- **The records**:
---
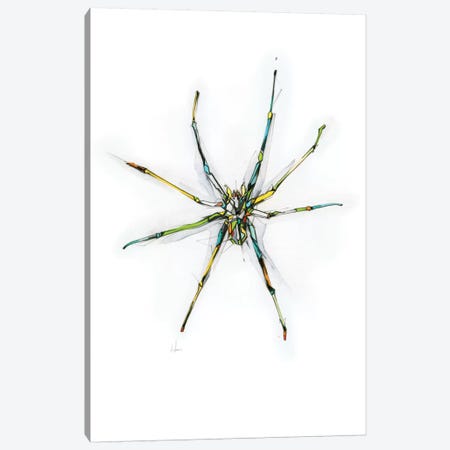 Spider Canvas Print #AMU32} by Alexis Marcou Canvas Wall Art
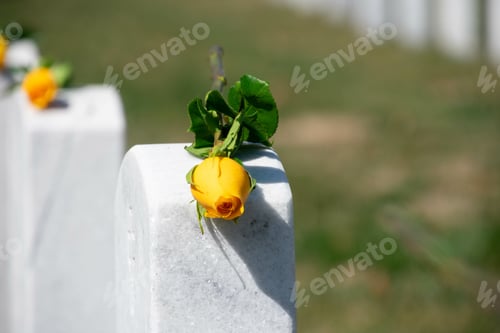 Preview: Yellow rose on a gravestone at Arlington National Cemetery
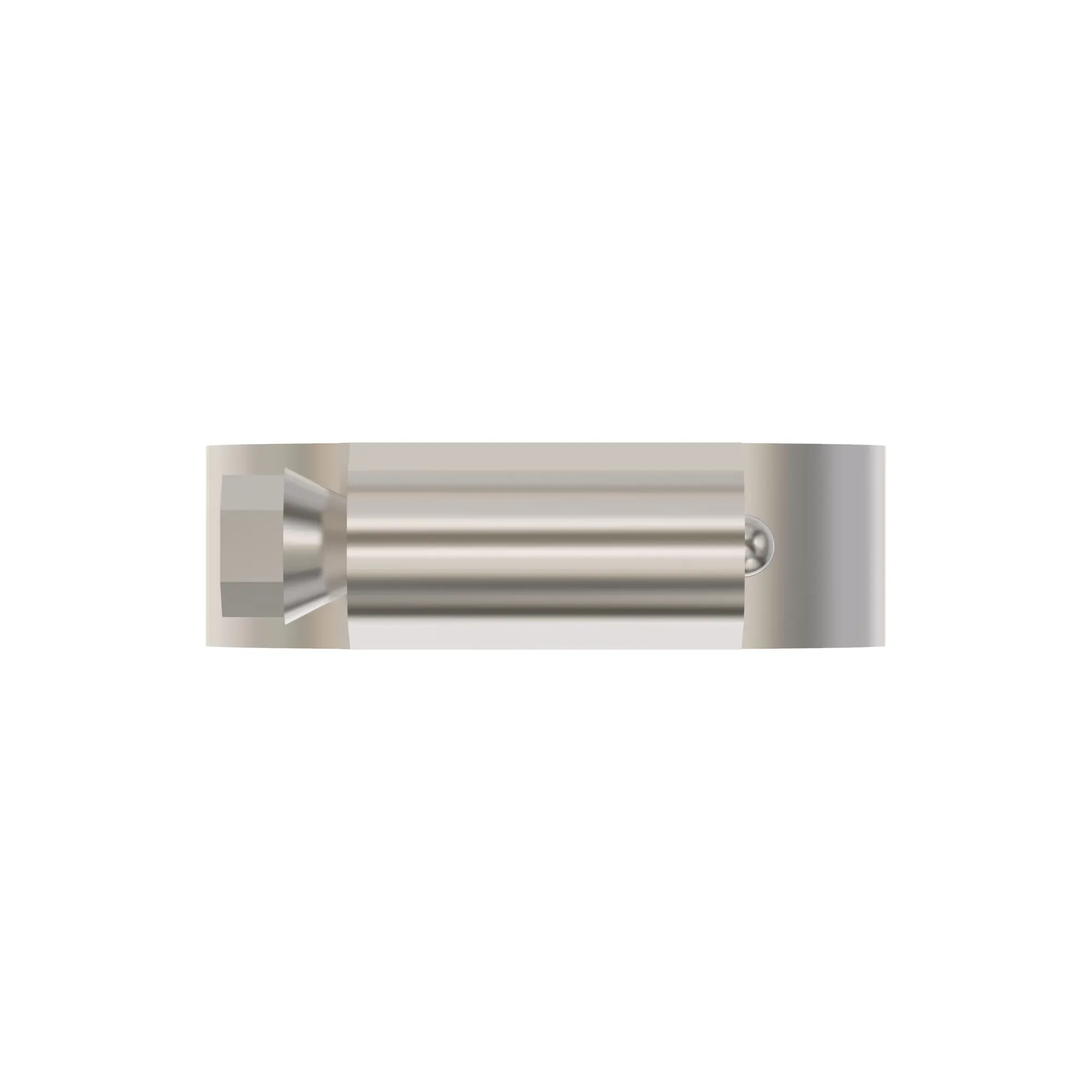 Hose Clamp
---
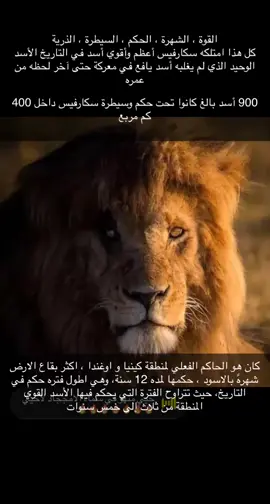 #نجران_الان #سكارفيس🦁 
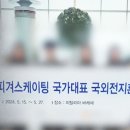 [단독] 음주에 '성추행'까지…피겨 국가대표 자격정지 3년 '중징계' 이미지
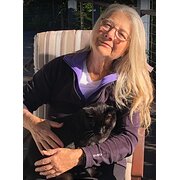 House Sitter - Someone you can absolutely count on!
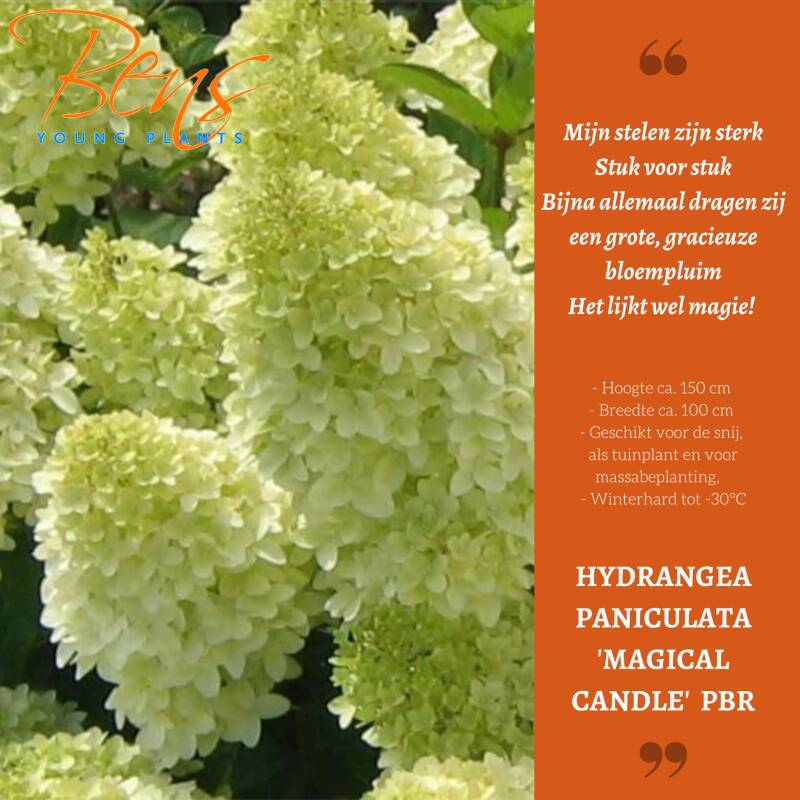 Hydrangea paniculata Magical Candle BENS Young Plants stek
---
- **Activity**: An exact copy is needed of the entries above, starting at the line that holds "[단독] 음주에 '성추행'까지…피겨 국가대표 자격정지 3년 '중징계' 이미지" and stopping at the line that holds "Hydrangea paniculata Magical", both kept; pictures stay out.

- **Task solution**:
 [단독] 음주에 '성추행'까지…피겨 국가대표 자격정지 3년 '중징계' 이미지
 House Sitter - Someone you can absolutely count on!
 Hydrangea paniculata Magical Candle BENS Young Plants stek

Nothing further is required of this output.